Keputusan pemerintah yang menugaskan PT Pertamina (Persero) untuk memasok bahan bakar minyak (BBM) bagi operator SPBU swasta, seperti Shell dan BP, dinilai berisiko menekan keuntungan dan bahkan berpotensi merugikan perusahaan pelat merah tersebut.
Menurut Manajer Riset Forum Indonesia untuk Transparansi Anggaran (Fitra), Badiul Hadi, penugasan ini secara tidak langsung mengubah peran Pertamina menjadi pemasok utama BBM nonsubsidi dengan skema yang mirip dengan public service obligation (PSO). Jika margin keuntungan Pertamina dibatasi, ia harus menanggung beban distribusi dan fluktuasi harga minyak global tanpa imbal hasil yang sepadan.
Selain itu, Badiul menambahkan bahwa kebijakan ini bisa menciptakan kompetisi yang tidak sehat. SPBU swasta akan terpaksa bergantung pada pasokan dari kompetitornya sendiri, yang berpotensi membatasi pergerakan bisnis mereka. Apalagi jika harga yang ditetapkan oleh Pertamina lebih mahal daripada harga impor mandiri yang biasa mereka lakukan, margin keuntungan mereka akan tertekan.
Badiul mendesak agar skema ini tidak menjadi kebijakan jangka panjang, sebab bisa memecah fokus utama Pertamina dalam menjaga ketahanan energi nasional. Transparansi dalam penetapan harga menjadi kunci agar tugas tambahan ini tidak membebani Pertamina secara berlebihan dan tetap menjaga stabilitas pasar.

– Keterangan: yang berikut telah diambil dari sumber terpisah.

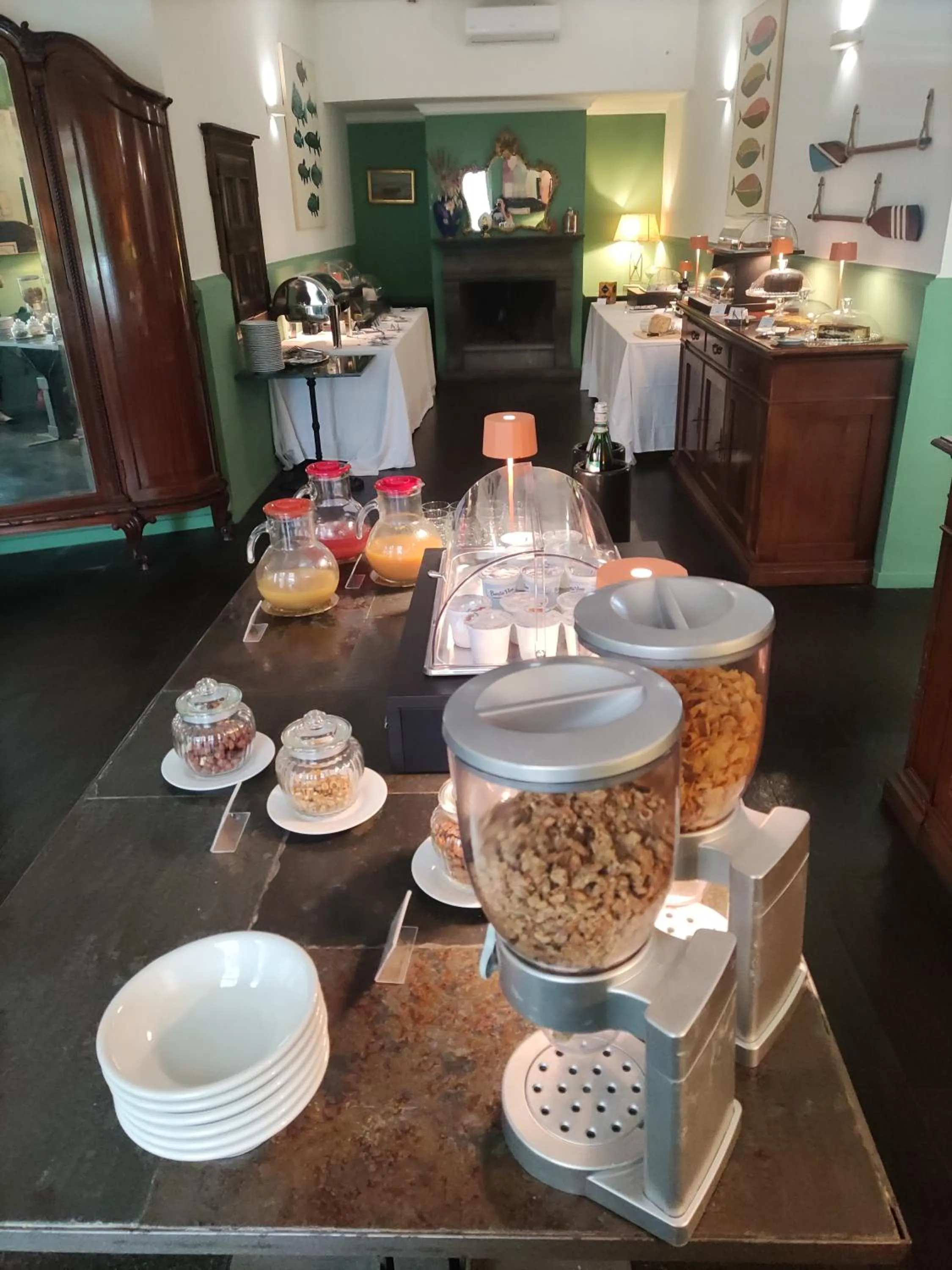 Breakfast in Riva di Palo Beach Hotel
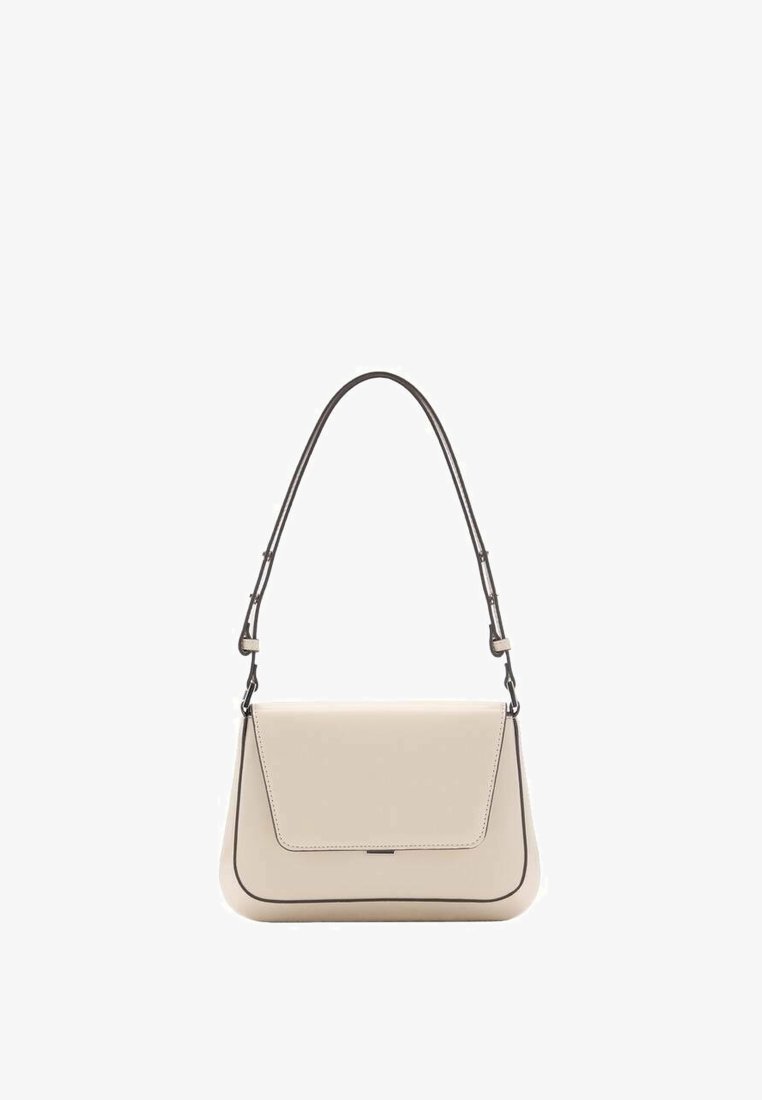 Borsa a spalla in pelle beige con rifiniture nere, chiusura a patta rettangolare e tracolla regolabile con chiusure metalliche.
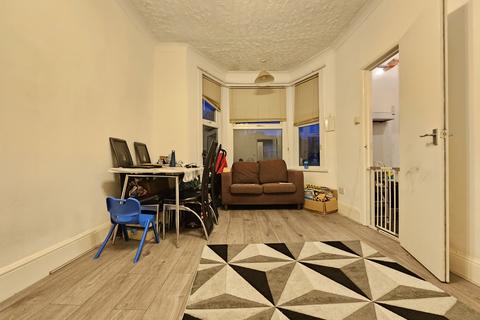 1 bedroom flat for sale, The Drive, IG1 3HB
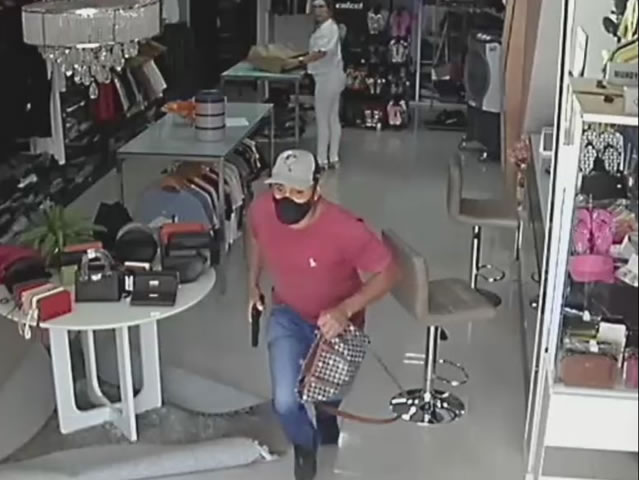 A Polícia Militar foi acionada e realizou diligências pela cidade, porém os criminosos não foram localizados e presos (Foto: Reprodução)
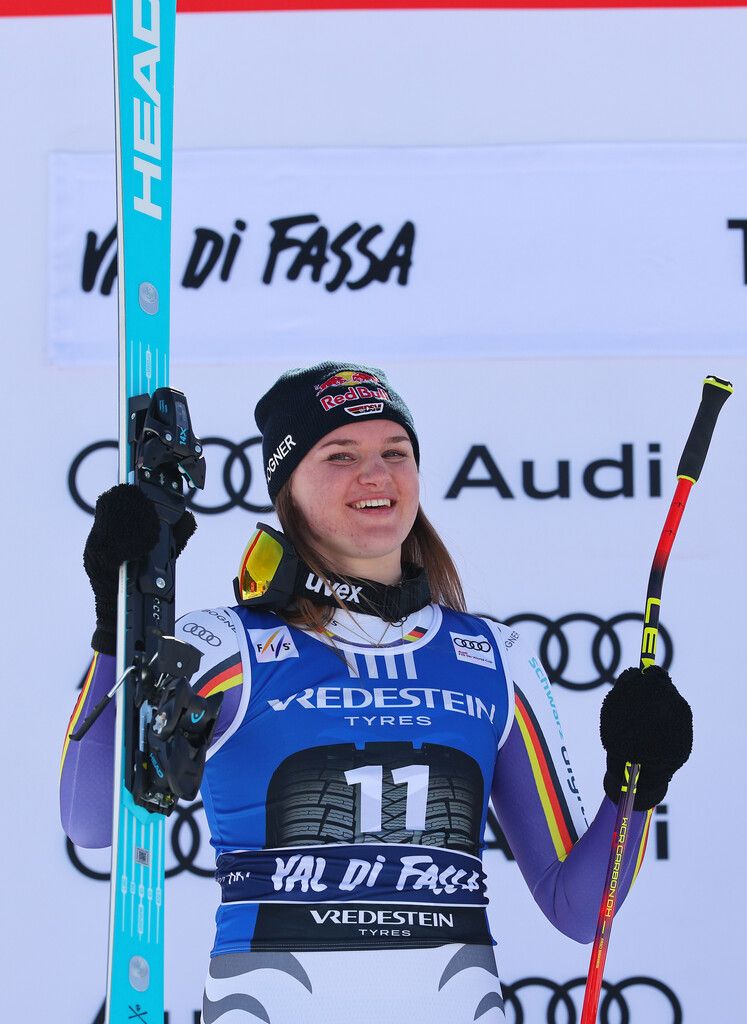 Die Italienerin Laura Pirovano hat am Freitag mit 28 Jahren ihr erstes alpines Ski Weltcuprennen gewinnen können. ⇒GEPA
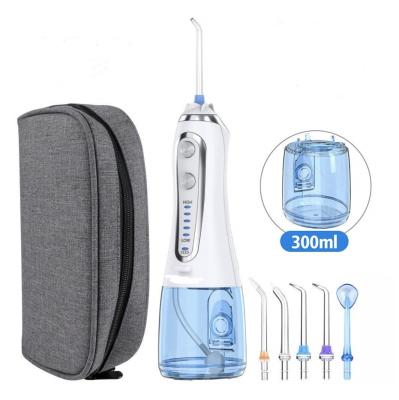 China Dental Work Electric Water Flosser For Home Travelling for sale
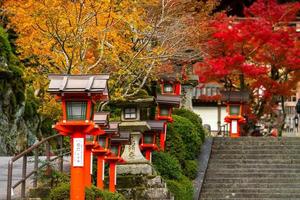 herfst tafereel van kurama-dera, een tempel gelegen Bij de baseren van monteren kurama in de ver noorden van Kyoto prefectuur, kansai, Japan foto
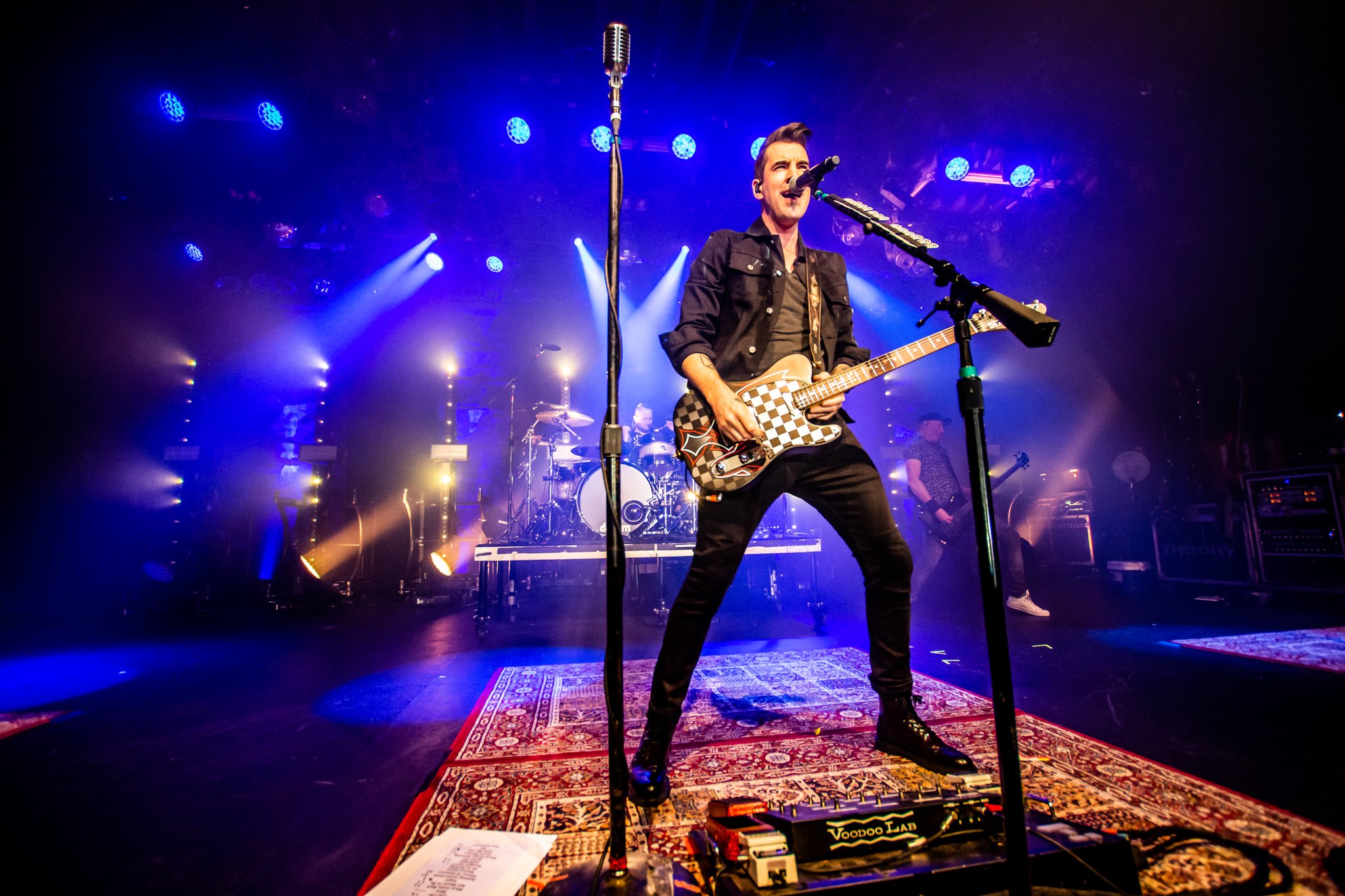 Theory of a Deadman - photo 18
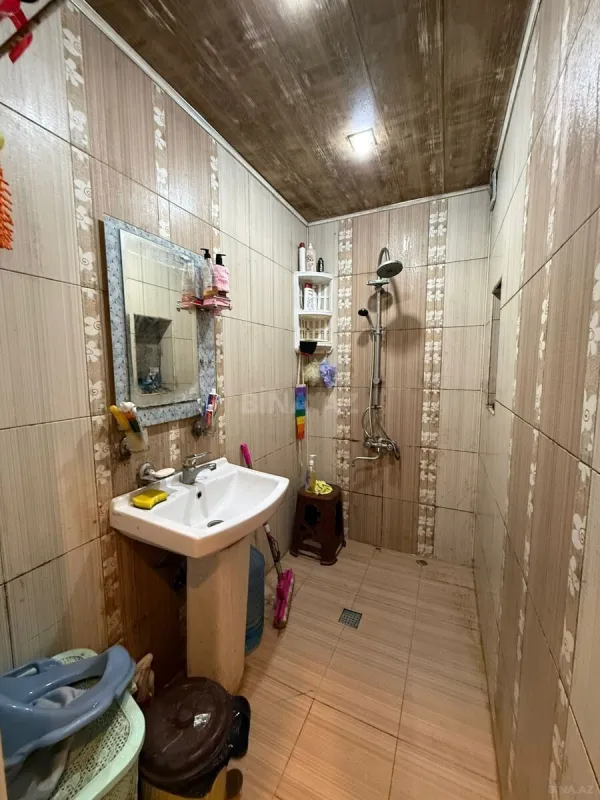 Satılır 5 otaqlı mənzil 125 m²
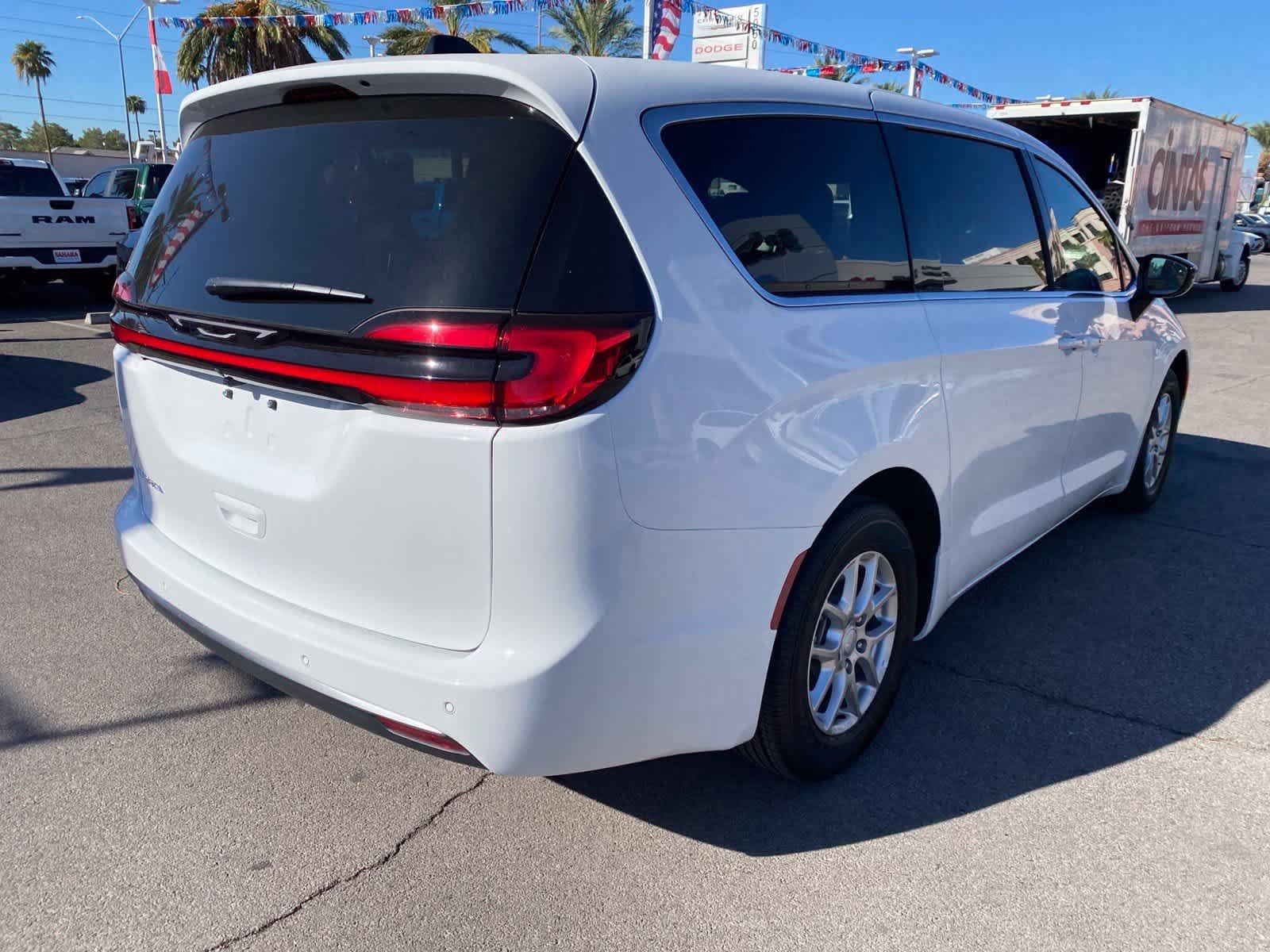 Used 2027 Chrysler Pacifica Select w/ Family Tech Group FWD image 6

Untuk diketahui, kesepakatan ini muncul setelah kuota impor SPBU swasta habis, sementara stok mereka menipis. Menteri ESDM Bahlil Lahadalia menegaskan bahwa skema harga akan menggunakan prinsip open book untuk memastikan keadilan dan transparansi. Ia juga menjamin pasokan BBM akan kembali normal dalam waktu tujuh hari. Meski demikian, Dirjen Migas Kementerian ESDM Laode Sulaeman sebelumnya menyebut bahwa Pertamina diminta untuk tidak mengambil keuntungan berlebihan dari skema ini.